Más Santos hablaron, y numerosas figuras poderosas estuvieron de acuerdo, creando una presión invisible.
Los expertos de la Alianza de Matanza Celestial a bordo de la Nave Divina estaban nerviosos, y el Antiguo Maestro de la Mansión apretó los dientes, listo para dar un paso al frente, pero el Maestro del Palacio del Dios Marcial lo detuvo, negando con la cabeza y dedicándole una sonrisa.
Si no hubiera conocido la verdadera fuerza de Ye Chen, él también habría dado un paso al frente, pero con un Rey Celestial supremo en la Nave Divina de la Puerta Celestial, una vez que interviniera, ¿cómo podrían las otras Fuerzas del Dominio de los Diez Mil resistirlo? Todo se derrumbaría sin esfuerzo; eran imparables.
Los ojos de Ye Chen recorrieron a las fuerzas principales, y una fría sonrisa se dibujó en la comisura de sus labios mientras decía: —¿Están amenazando a nuestra Puerta Celestial?
Uno de los Santos de las fuerzas se burló: —No es exactamente una amenaza, siempre y cuando la Puerta Celestial esté dispuesta a entregar a algunos de los nativos de la Alianza de Matanza Celestial.
—¿Ah? —Ye Chen emitió un sonido despreocupado, revelando de repente una extraña sonrisa—. ¿Y si no estoy dispuesto?
Al oír esto, todos se quedaron desconcertados; nadie había considerado esta posibilidad, la perspectiva de realmente ir a la guerra contra la Puerta Celestial.
Al pensar en el líder supremo de la Puerta Celestial, todos se tensaron involuntariamente.
Pero entonces un Santo habló con resolución: —Si la Puerta Celestial no está dispuesta a entregarlos, entonces luchemos.
En cuanto alguien expresó esto, otros también empezaron a hablar.

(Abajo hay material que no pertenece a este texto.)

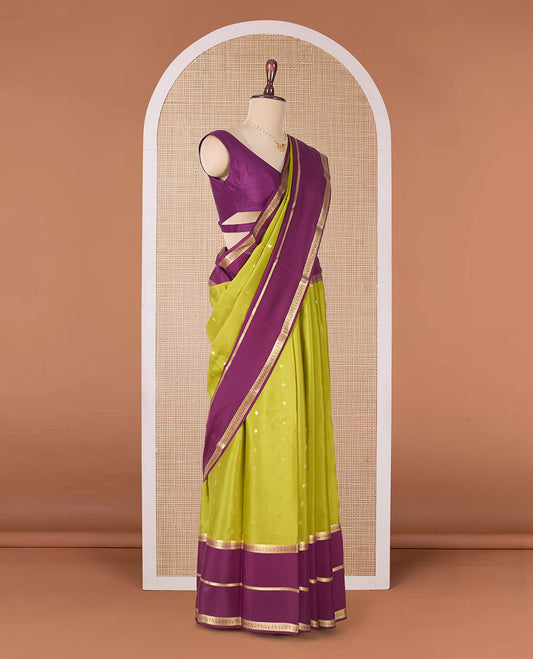 Green zari buttas Mysore silk saree, contrast traditional zari border, and pallu of Temple design in thick zari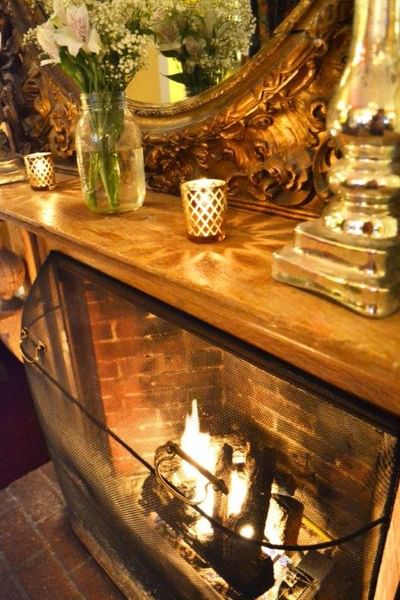 Close-up of a fireplace in the Side Room at The Inn at Saratoga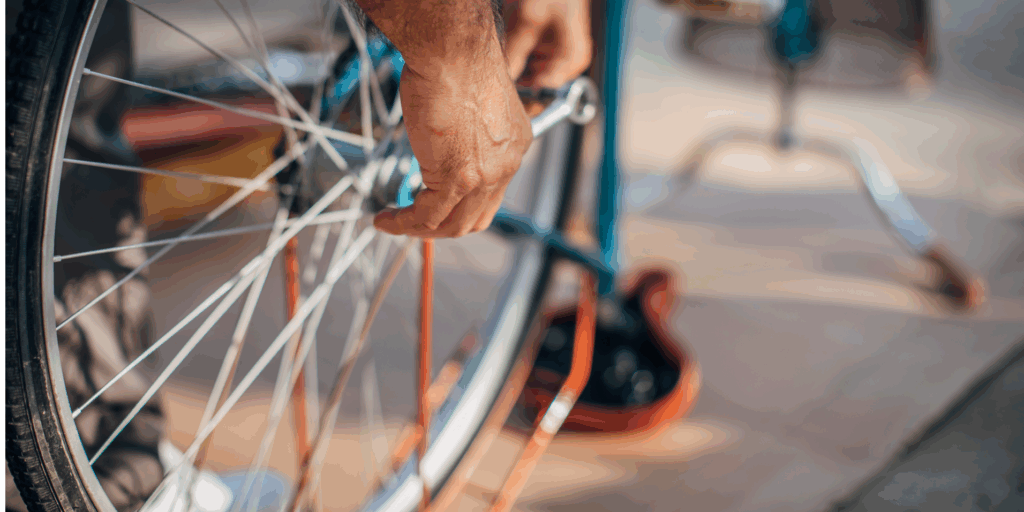Iemand die een wiel van een fiets repareert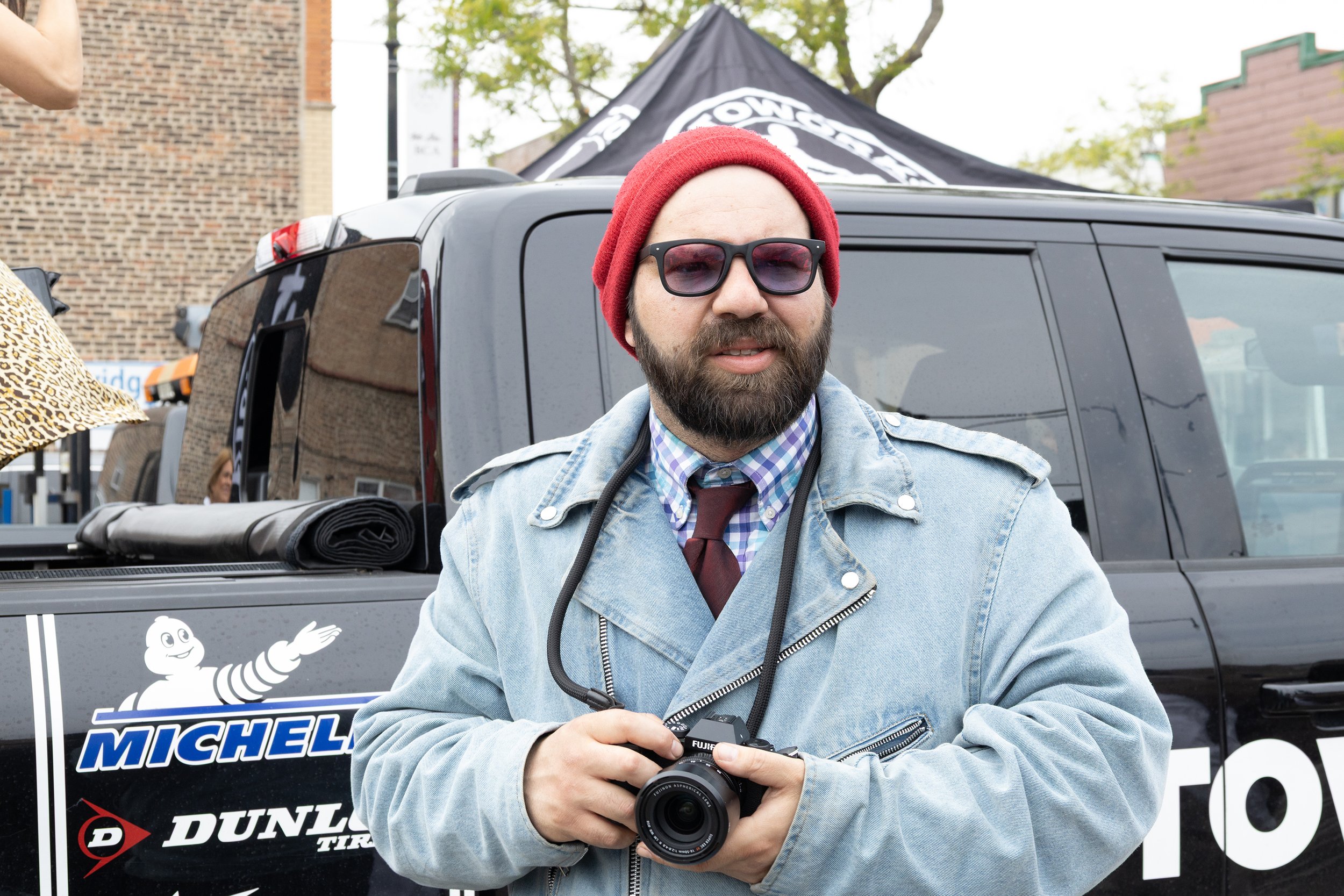 A bearded man wearing sunglasses, a red beanie, a denim jacket, and a checkered shirt, holding a camera, standing in front of a black SUV.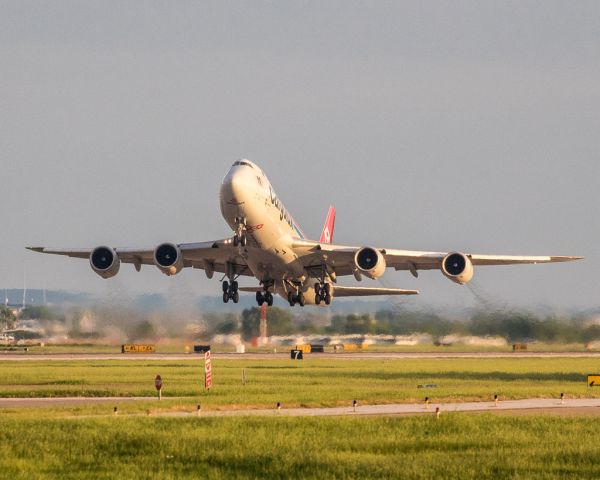 BOEING 747-8 (LX-VCA) - Blasting off to the north from DFW from the west runway complex.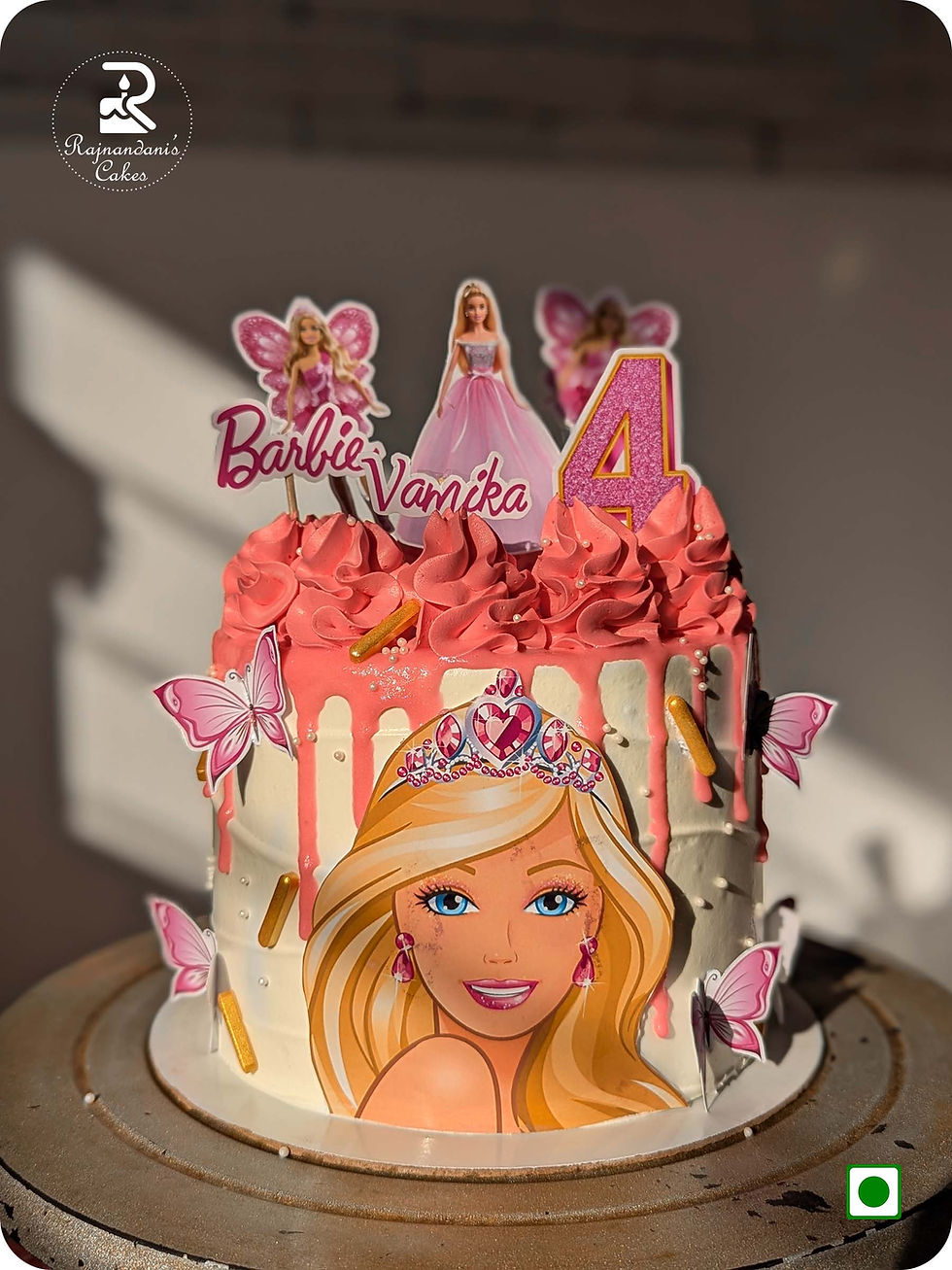 Pink fairy Barbie princess birthday cake with glitter age topper and piped swirls by Rajnandani Cakes in Pune.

—Si ese es el caso, ¡entonces solo nos queda luchar!
Bum—
Un aura suprema brotó de Ye Chen.
Acompañando esto, oleadas de energía suprema también estallaron desde la Nave Divina de la Puerta Celestial, perforando el cielo y dominando a todos los fuertes.
¡La Puerta Celestial demostró su poder!
La Puerta Celestial estaba enfrascada en un feroz combate.
En el gigantesco navío divino de mil pies de eslora, emergieron ocho figuras, cada una un verdadero súper experto del Reino del Tesoro Sagrado, que llegaron al lado de Ye Chen.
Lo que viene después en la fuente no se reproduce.